PROBLEM TO WORK ON
Your copy of the data should leave out the images and match everything else exactly.

(Beginning of DATA SEGMENT)

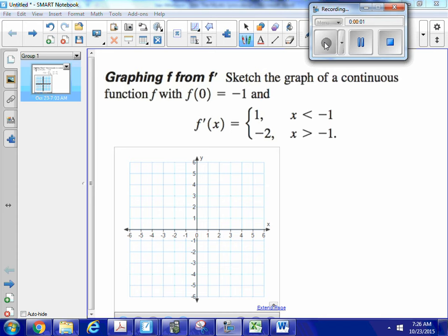This is a good problem to help us understand the relationship between the graph of a function and the graph of a derivative, and also to deepen our grasp of piecewise functions.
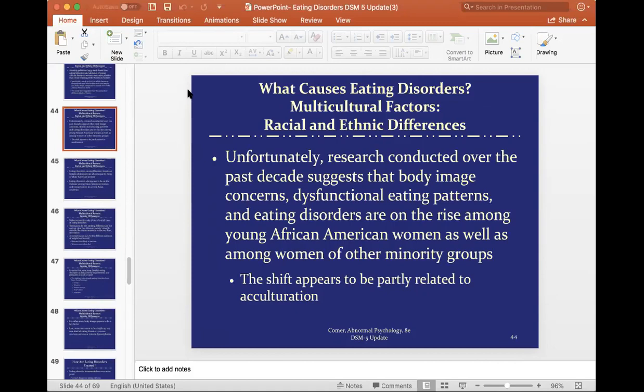There are also cultural, racial, and ethnic differences. 90% of white American respondents were dissatisfied with their weight compared to 70% of African American teens. Different cultures have different ideals of beauty. Research over the past decade suggests that body image concerns, dysfunctional eating patterns, and eating disorders are on the rise among young African American women and women of other minority groups, partly related to acculturation to Western culture.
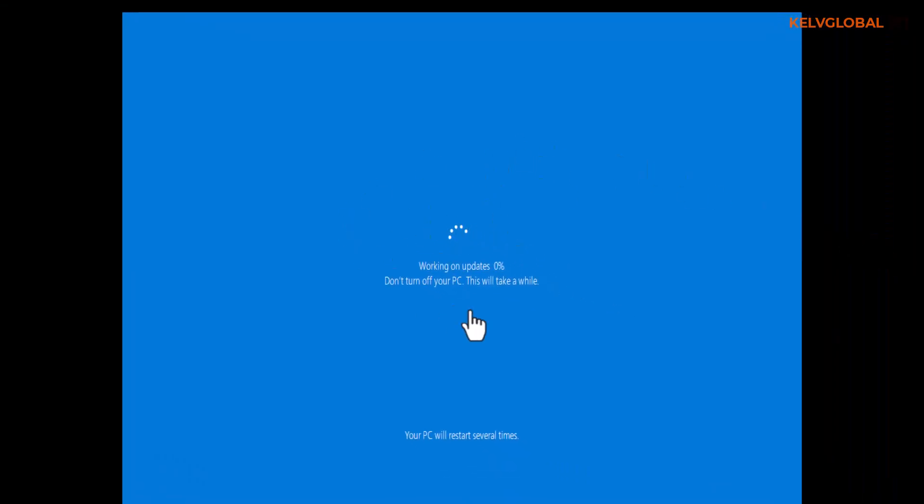Here we go, you can see our device says working on updates and this is going to take some time for the device to be updated from zero percent to about 100. It says do not turn off your PC. Once your device updates to Windows 10 operating system, what you need to do is log on with your device with the same credentials you created on Windows 7. You will still use the same login name and password.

(End of DATA SEGMENT)

EXERCISE RESPONSE
This is a good problem to help us understand the relationship between the graph of a function and the graph of a derivative, and also to deepen our grasp of piecewise functions.
There are also cultural, racial, and ethnic differences. 90% of white American respondents were dissatisfied with their weight compared to 70% of African American teens. Different cultures have different ideals of beauty. Research over the past decade suggests that body image concerns, dysfunctional eating patterns, and eating disorders are on the rise among young African American women and women of other minority groups, partly related to acculturation to Western culture.
Here we go, you can see our device says working on updates and this is going to take some time for the device to be updated from zero percent to about 100. It says do not turn off your PC. Once your device updates to Windows 10 operating system, what you need to do is log on with your device with the same credentials you created on Windows 7. You will still use the same login name and password.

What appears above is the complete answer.